Trade Credit Insurance
CREDIT INSURANCE PROTECTS YOUR BUSINESS FROM NON-PAYMENT OF COMMERCIAL DEBT. IT MAKES SURE YOUR INVOICES WILL BE PAID AND ALLOWS YOU TO MANAGE THE COMMERCIAL AND POLITICAL RISK OF TRADE.
Benefits to using credit insurance:
- Safely increase sales without increasing risk
- The ability to ship safely allows you to grow your sales and helps offset the premium of the credit insurance cost.
- Increase borrowing rates with your bank
- Without Trade Credit Insurance banks usually won’t lend against foreign receivables. Trade Credit Insurance assures banks that account receivables are protected by an investment grade insurer.

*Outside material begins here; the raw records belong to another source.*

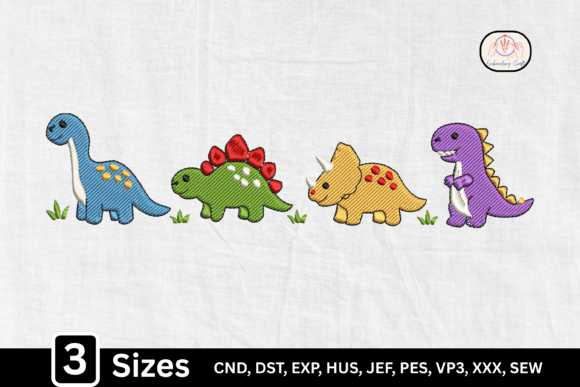 Kawaii Animal Dinosaur Embroidery Review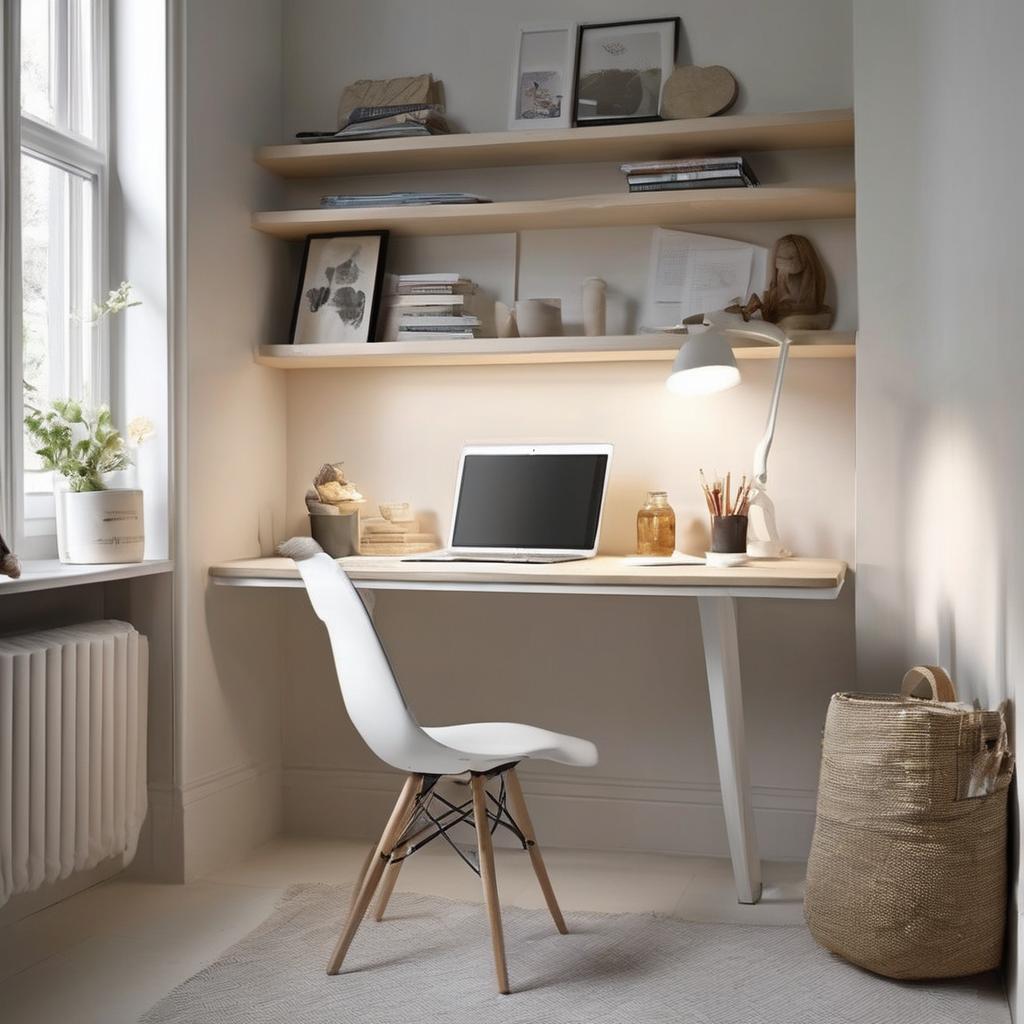 Small space desk setup ideas that feel airy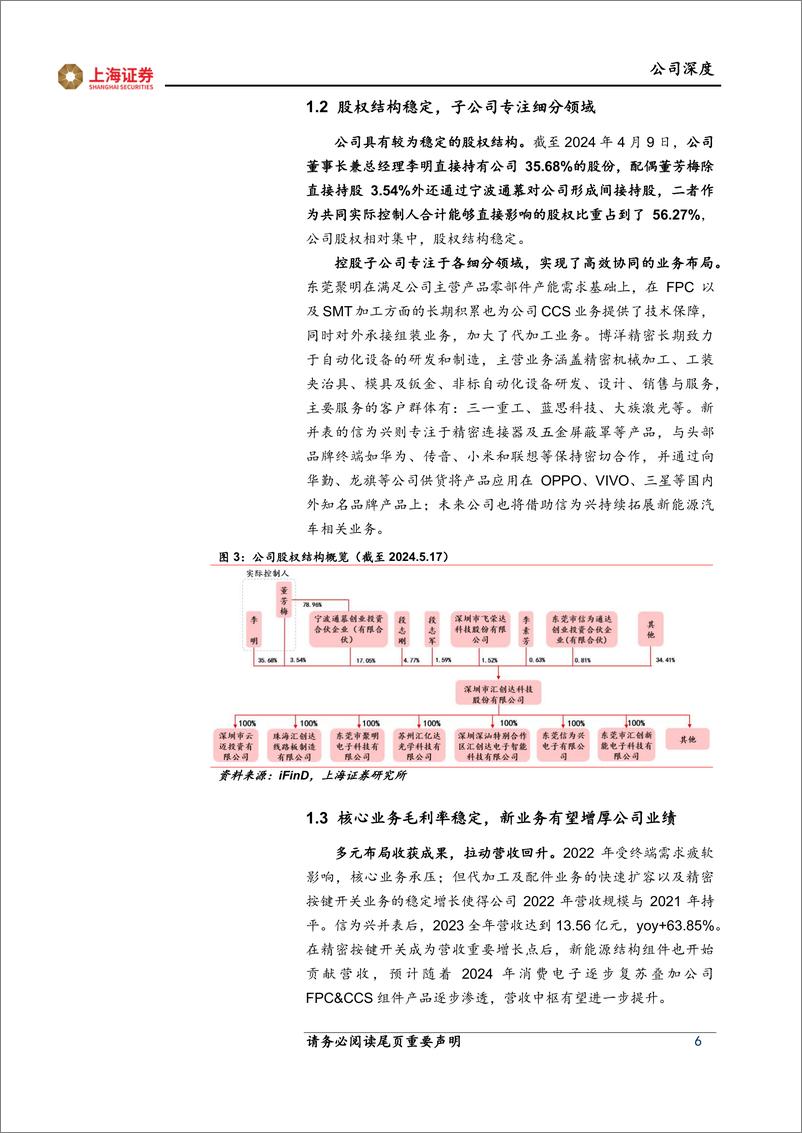 《汇创达-300909.SZ-笔电键盘背光模组龙头，外延收购＋布局CCS模组打开成长天花板-20240525-上海证券-25页》 - 第6页预览图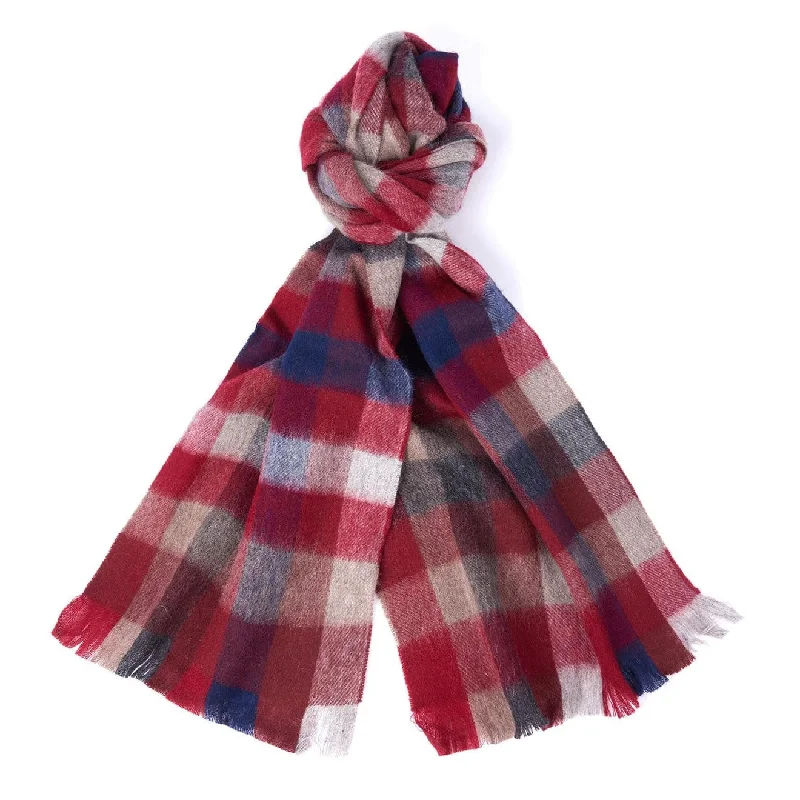 Scarves for outdoor adventures -Barbour Nine Square Scarf Multicolour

This will allow them to include foreign receivables in the borrowing base.
- Catastrophic loss protection
- If you have a customer that couldn’t pay you tomorrow and it would have an effect on your companies’ profits then you should look at insuring that risk.
- Insure export sales
We are your Trade Credit Insurance solution.
WHAT TYPES OF TRANSACTIONS CAN BE COVERED?
Sales to Single Buyers
Do you have large sales to one customer? If so we can offer single buyer insurance.
Sales to Key Buyers
This service will insure sales to the top 10 to 25 buyers that you sell to.
Whole Turnover Policy
This service would insure your whole portfolio.
FAQ's
What is trade credit insurance?
Trade credit insurance, also called business credit insurance, export credit insurance, or credit insurance is an insurance policy and a risk management product offered to businesses needing to protect their accounts receivables from loss due to credit risks. Trade credit insurance can include a component of political risk insurance to insure the risk of non-payment by foreign buyers.
How do I Apply?
You can download and fill out our form. Then mail, email or fax it back.
The application is comprehensive and we ask that you pay special attention to the following areas for the quickest response.
- Annual sales and accounts receivable write-offs for the past 3 years
- A list of key buyers, including names, addresses, phone numbers, credit limits and terms
- A summary of open account balance aging
What Risks are covered?
Credit insurance covers commercial risks such as insolvency and protracted default. Export credit insurance will usually add political risk coverage including: cancellation of import/export licenses, a foreign government’s intervention, transfer risk, embargo, a state of war or civil violence, and the non-payment of a valid trade obligation by a sovereign buyer.
How much does credit insurance cost?
The premium for credit insurance typically is calculated as a small percentage of your annual insurable sales. The rate is based on the risk of your specific portfolio, your loss history, the spread of risk, and the amount of self-insurance you are willing to absorb. Costs may vary depending on the amount of your portfolio you cover.
Is there a deductible?
Like most insurances, there will always be some form of risk sharing on your part. This could be in the form of a policy deductible, a per-loss deductible, co-insurance to enhance the program or a combination of these factors. These forms of risk retention are typically used to keep your cost in balance and to allow for more flexible coverage.
Is there an additional premium charge to use your services?
No! Rates for credit insurance are regulated. Part of the filings make distributions cost a responsibility of the carrier. You bear no cost for our services and in fact benefit because of the competitive advantage we bring to the equation.
For which insurance carriers does Market Trade Credit act as a broker?
Market Trade Credit brokers insurance policies for all the major carriers, including but not limited to: Atradius, AIG, Coface, Euler Hermes, FCIA, QBE, XL Catlin and Zurich. Market Trade Credit will use any and all resources to find the absolute best match for your coverage needs, including the alternative risk markets.